[Patch] Advanced MOVZX optimisations

Original Reporter info from Mantis: CuriousKit @CuriousKit

Reporter name: J. Gareth Moreton

Description:

This patch contains a long-range, in-depth optimisation routine for MOVZX operations and related register sizes and attempts to remove or shrink instructions where possible.

Steps to reproduce:

Apply patch and confirm correct compilation on -O2 and above.

Additional information:

Testing on i386 has been limited due to a pre-existing bug that, as of posting this patch, prevents building of i386-win32 at all.

----

Some examples of optimisations:

	movzwl	%dx,%ecx
	shrl	$8,%ecx
	movzbl	%cl,%ecx

The third instruction gets removed because the optimisation routine realises that the upper 3 bytes of %ecx are already zero.

	shrb	$3,%al
	movzbl	%al,%eax
	cmpb	$27,%al
	seteb	%al

The movz/cmp pair get swapped to minimise a pipeline stall, and then identifies that the movzbl instruction can be removed because %eax doesn't get used afterwards

	shrb	$3,%al
	movzbl	%al,%eax
	movzbl	%al,%eax
	btl	%eax,%edi

Removes one of the movzbl instructions.

	movzwl	-2(%rbx,%rax,2),%edi
# Peephole Optimization: Mov2Nop 3 done
# Peephole Optimization: %cx = %di; changed to minimise pipeline stall (MovXXX2MovXXX)
	movzwl	%di,%ecx

movzwl %di,%ecx gets changed to movl %edi,%ecx since the upper 16 bits of %edi are already zero, thus reducing instruction size slightly.

A more complex one that works on -O3 and -O4 (searches further ahead)

# Peephole Optimization: MovMovs/z2Mov/s/z done
	movzbw	%dl,%r8w
# Peephole Optimization: %r8b = %dl; changed to minimise pipeline stall (MovXXX2MovXXX)
	movzbl	%dl,%r9d
	shrl	$4,%r9d
# Peephole Optimization: And2Nop
	leaq	TC_$UNICODEDATA_$$_UC_TABLE_2(%rip),%r10
# Peephole Optimization: Lea2AddBase done
	addq	%r10,%rcx
	movzwl	(%rcx,%r9,2),%ecx
	shlq	$5,%rcx
# Peephole Optimization: Removed movs/z instruction and extended earlier write (MovMovs/z2Mov/s/z)
	andw	$15,%r8w
	movzwl	%r8w,%r8d

Becomes:

# Peephole Optimization: movzbw2movzbl
	movzbl	%dl,%r8d
# Peephole Optimization: %r8b = %dl; changed to minimise pipeline stall (MovXXX2MovXXX)
	movzbl	%dl,%r9d
	shrl	$4,%r9d
# Peephole Optimization: And2Nop
	leaq	TC_$UNICODEDATA_$$_UC_TABLE_2(%rip),%r10
# Peephole Optimization: Lea2AddBase done
	addq	%r10,%rcx
	movzwl	(%rcx,%r9,2),%ecx
	shlq	$5,%rcx
# Peephole Optimization: Removed movs/z instruction and extended earlier write (MovMovs/z2Mov/s/z)
	andl	$15,%r8d
# Peephole Optimization: Movzx2Nop 2

The initial movzbw %dl,%r8w becomes movzbl %dl,%r8d, the AND instruction is expanded from 16-bit to 32-bit and this thus permits the removal of movzwl %r8w,%r8d at the end.

----

There's still room for improvement.

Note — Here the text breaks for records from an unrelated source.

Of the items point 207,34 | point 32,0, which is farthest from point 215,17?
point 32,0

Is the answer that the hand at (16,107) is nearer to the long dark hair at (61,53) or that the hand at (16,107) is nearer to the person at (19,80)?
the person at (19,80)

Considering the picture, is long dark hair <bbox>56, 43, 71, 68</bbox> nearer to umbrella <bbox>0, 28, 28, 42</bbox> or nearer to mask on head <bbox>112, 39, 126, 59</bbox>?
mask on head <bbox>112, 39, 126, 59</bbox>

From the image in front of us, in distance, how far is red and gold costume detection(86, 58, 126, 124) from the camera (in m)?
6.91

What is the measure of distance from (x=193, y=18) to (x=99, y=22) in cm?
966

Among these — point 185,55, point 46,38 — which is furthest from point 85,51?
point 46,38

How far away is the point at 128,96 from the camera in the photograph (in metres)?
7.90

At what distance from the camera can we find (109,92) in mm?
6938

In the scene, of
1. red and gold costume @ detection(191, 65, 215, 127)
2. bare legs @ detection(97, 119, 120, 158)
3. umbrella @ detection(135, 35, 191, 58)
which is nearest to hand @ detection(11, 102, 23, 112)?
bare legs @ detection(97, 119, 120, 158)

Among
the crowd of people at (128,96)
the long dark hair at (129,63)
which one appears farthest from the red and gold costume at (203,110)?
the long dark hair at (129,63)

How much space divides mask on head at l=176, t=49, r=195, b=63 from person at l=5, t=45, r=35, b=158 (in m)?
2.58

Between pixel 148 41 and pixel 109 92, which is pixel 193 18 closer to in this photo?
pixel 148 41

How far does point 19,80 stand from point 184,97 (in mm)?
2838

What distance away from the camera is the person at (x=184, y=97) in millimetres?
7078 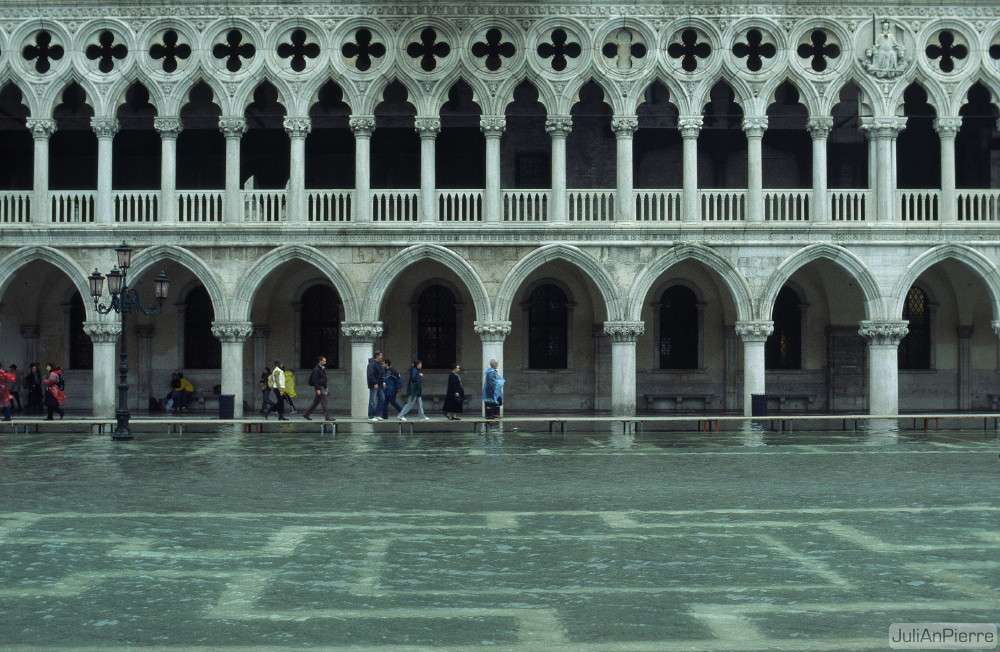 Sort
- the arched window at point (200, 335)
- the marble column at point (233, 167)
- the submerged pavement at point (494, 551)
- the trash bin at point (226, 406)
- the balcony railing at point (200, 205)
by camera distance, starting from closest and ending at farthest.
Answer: the submerged pavement at point (494, 551) → the trash bin at point (226, 406) → the marble column at point (233, 167) → the balcony railing at point (200, 205) → the arched window at point (200, 335)

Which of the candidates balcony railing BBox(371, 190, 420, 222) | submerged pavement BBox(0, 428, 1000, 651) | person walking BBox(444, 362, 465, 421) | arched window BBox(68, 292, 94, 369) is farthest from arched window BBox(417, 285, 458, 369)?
submerged pavement BBox(0, 428, 1000, 651)

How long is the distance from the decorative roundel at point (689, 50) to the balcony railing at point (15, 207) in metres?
15.1

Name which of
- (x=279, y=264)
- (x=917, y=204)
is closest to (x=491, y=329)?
(x=279, y=264)

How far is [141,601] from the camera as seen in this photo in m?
9.60

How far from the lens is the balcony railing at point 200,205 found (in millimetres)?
31016

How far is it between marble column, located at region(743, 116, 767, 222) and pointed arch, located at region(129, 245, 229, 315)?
1214cm

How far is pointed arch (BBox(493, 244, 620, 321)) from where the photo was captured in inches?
1210

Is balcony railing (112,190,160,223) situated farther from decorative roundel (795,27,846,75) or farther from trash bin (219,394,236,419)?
decorative roundel (795,27,846,75)

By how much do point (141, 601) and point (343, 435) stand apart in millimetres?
16688

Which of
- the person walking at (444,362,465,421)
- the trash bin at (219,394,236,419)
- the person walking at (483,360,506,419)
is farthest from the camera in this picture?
the trash bin at (219,394,236,419)

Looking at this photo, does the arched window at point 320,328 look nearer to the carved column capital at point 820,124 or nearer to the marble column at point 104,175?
the marble column at point 104,175

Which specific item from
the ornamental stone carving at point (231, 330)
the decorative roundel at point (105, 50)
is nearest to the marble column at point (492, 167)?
the ornamental stone carving at point (231, 330)

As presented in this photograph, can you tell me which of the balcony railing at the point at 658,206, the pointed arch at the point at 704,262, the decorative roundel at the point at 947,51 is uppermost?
the decorative roundel at the point at 947,51

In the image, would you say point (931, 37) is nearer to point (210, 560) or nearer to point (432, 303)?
point (432, 303) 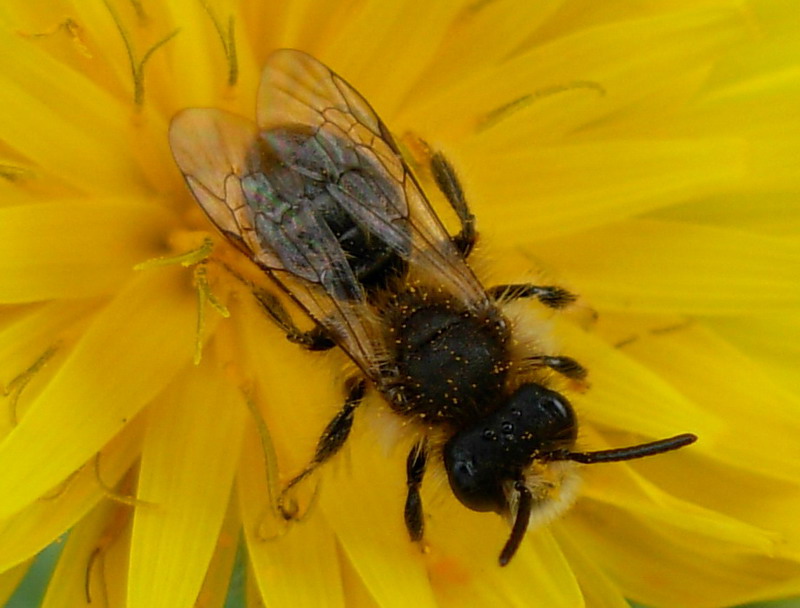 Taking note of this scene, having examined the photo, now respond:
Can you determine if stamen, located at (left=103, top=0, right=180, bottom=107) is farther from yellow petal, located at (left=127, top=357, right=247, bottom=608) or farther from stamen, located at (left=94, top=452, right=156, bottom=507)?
stamen, located at (left=94, top=452, right=156, bottom=507)

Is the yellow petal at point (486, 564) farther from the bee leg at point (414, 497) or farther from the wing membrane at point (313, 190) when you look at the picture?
the wing membrane at point (313, 190)

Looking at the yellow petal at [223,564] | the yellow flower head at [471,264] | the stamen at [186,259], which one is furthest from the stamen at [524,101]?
the yellow petal at [223,564]

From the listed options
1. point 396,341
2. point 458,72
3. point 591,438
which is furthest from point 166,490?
point 458,72

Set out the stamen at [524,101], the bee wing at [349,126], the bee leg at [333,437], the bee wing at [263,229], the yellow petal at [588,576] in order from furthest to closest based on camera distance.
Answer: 1. the yellow petal at [588,576]
2. the stamen at [524,101]
3. the bee leg at [333,437]
4. the bee wing at [349,126]
5. the bee wing at [263,229]

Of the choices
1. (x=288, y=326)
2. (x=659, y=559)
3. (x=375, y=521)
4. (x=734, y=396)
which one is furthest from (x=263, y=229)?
(x=659, y=559)

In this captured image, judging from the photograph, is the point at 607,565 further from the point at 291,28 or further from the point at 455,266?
the point at 291,28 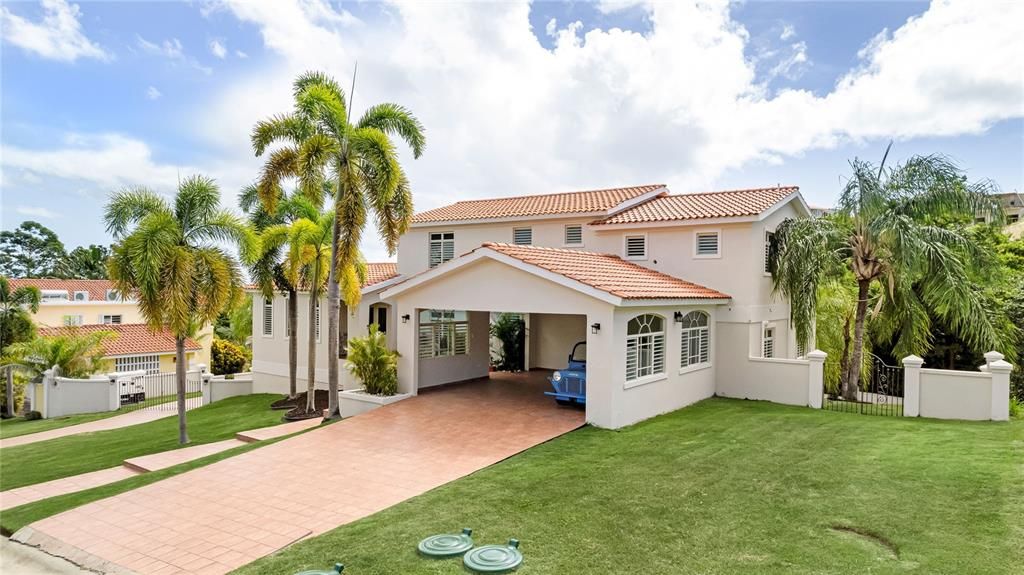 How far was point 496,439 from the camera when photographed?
45.2ft

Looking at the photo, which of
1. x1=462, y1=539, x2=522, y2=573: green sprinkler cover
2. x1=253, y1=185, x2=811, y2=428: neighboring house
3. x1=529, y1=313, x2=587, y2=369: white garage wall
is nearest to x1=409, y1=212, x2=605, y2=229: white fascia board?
x1=253, y1=185, x2=811, y2=428: neighboring house

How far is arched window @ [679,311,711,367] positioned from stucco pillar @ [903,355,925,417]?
18.1 ft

I'm seeing how well I can tie in regular MOV instructions with these optimisations.

Mantis conversion info:

Mantis ID: 38294
OS: Microsoft Windows
OS Build: 10 Home
Build: r47977
Platform: i386 and x86_64
Version: 3.3.1
Fixed in version: 3.3.1
Fixed in revision: 48086 (#28efcfba), 48117 (#f42f6256)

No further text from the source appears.